Hilda has lunch with Mr. Pearson at the Palace Hotel.
{“Mr. Pearson took me to the Palace Hotel for luncheon and recommended that I eat a delicious concoction called Palm Court Salad. I was suitable impressed with the great Palm Court and promised to read a book called Bonanza Inn which would tell me the history of the hotel before the fire, as Californians are pleased to call the 1906 Earthquake.”}
I’ll finish up with the location of one of the key scenes in the book, and then you’re on your own. Janet Holmes, one of the suspects at this point along with Hilda, and a fugitive, sends a note to Hilda to meet her at a park near where the Moreau House is at midnight. Hilda, three months pregnant, decides to go, not because she’s a fool, but because she couldn’t reach a police officer to accompany her.
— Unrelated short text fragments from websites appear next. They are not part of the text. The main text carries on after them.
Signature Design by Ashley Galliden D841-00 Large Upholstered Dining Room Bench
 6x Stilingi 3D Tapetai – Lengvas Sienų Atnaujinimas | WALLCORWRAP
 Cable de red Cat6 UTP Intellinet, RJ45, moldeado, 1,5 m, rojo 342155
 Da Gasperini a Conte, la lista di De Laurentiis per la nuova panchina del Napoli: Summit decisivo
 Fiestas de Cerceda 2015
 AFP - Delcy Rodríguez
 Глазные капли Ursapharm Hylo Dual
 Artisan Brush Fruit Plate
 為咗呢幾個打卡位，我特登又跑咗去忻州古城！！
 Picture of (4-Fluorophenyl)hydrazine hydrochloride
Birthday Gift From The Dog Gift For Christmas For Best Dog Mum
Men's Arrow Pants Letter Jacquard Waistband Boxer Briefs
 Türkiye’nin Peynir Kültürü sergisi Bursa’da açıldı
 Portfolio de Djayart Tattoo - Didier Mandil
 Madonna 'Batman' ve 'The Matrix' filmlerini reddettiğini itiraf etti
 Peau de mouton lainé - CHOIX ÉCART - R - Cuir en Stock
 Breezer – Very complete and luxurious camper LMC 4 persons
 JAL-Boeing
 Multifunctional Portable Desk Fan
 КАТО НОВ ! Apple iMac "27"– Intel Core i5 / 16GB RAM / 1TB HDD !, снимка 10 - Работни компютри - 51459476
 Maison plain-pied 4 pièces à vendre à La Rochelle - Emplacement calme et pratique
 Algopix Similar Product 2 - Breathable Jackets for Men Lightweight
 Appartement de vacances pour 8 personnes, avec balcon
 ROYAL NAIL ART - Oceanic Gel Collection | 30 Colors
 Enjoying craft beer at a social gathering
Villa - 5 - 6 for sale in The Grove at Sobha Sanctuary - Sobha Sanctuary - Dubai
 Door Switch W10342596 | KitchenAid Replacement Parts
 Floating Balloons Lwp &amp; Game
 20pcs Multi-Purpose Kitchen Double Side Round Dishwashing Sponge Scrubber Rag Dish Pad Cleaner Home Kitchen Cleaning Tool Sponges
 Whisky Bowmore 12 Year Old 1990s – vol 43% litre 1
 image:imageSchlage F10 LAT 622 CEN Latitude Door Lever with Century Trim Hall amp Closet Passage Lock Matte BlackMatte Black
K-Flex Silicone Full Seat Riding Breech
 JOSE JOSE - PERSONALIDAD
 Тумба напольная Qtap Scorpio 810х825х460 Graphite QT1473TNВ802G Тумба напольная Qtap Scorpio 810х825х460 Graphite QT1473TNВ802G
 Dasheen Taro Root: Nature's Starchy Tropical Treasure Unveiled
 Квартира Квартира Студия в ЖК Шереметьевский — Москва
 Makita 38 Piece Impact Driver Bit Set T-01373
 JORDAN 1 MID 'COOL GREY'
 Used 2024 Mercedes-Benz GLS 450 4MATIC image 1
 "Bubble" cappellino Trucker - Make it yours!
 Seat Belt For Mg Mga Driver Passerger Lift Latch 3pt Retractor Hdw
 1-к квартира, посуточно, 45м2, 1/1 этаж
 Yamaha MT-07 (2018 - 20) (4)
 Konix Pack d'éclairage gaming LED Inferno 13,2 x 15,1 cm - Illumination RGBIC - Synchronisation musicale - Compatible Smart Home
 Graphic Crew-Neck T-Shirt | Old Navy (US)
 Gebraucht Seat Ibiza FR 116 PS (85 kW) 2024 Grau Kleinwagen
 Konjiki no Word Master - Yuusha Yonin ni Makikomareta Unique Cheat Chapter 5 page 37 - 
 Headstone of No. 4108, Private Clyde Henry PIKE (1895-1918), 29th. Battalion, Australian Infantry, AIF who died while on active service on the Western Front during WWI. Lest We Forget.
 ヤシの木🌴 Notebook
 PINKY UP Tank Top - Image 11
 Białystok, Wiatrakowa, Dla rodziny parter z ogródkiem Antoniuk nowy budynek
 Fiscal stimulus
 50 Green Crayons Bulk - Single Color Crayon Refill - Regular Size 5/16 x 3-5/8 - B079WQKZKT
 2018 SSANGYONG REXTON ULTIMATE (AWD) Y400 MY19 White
Hilda’s in this pretty thick and she’s looking for any information she can find to clear herself.
{“I pulled out Janet’s note and looked at it carefully. According to the map, I was supposed to walk one block west, then one block south, go up some steps, wander down a path in the park, and meet Janet at a bench. All of this was to be accomplished at the witching hour of midnight.”}
I retraced the route from where the Humphrey house once stood. One block west and one block south took me to the steps that lead up to what is now called George Sterling Park, named after the poet who wrote of San Francisco as, “The cool, grey city of love.” When Hilda arrives at the park she comments on a memorial erected to George Sterling near the bench where she waits for Janet. I walked down a path to a bench where a girl was sitting and thought to myself that this may have been where Hilda was supposed to meet Janet Holmes. George Sterling Park is much better lit with tennis courts and a baseball diamond on top today than the dark, spooky park Hilda Moreau describes. Hilda has a knife thrown at her and stumbles on to another murdered body in the park on this night and becomes the number one suspect now, intensely disliked by the rest of the Moreau sisters. I’ll leave my readers in the dark here like Hilda was at midnight up on George Sterling Park or I’ll reveal too much of the book.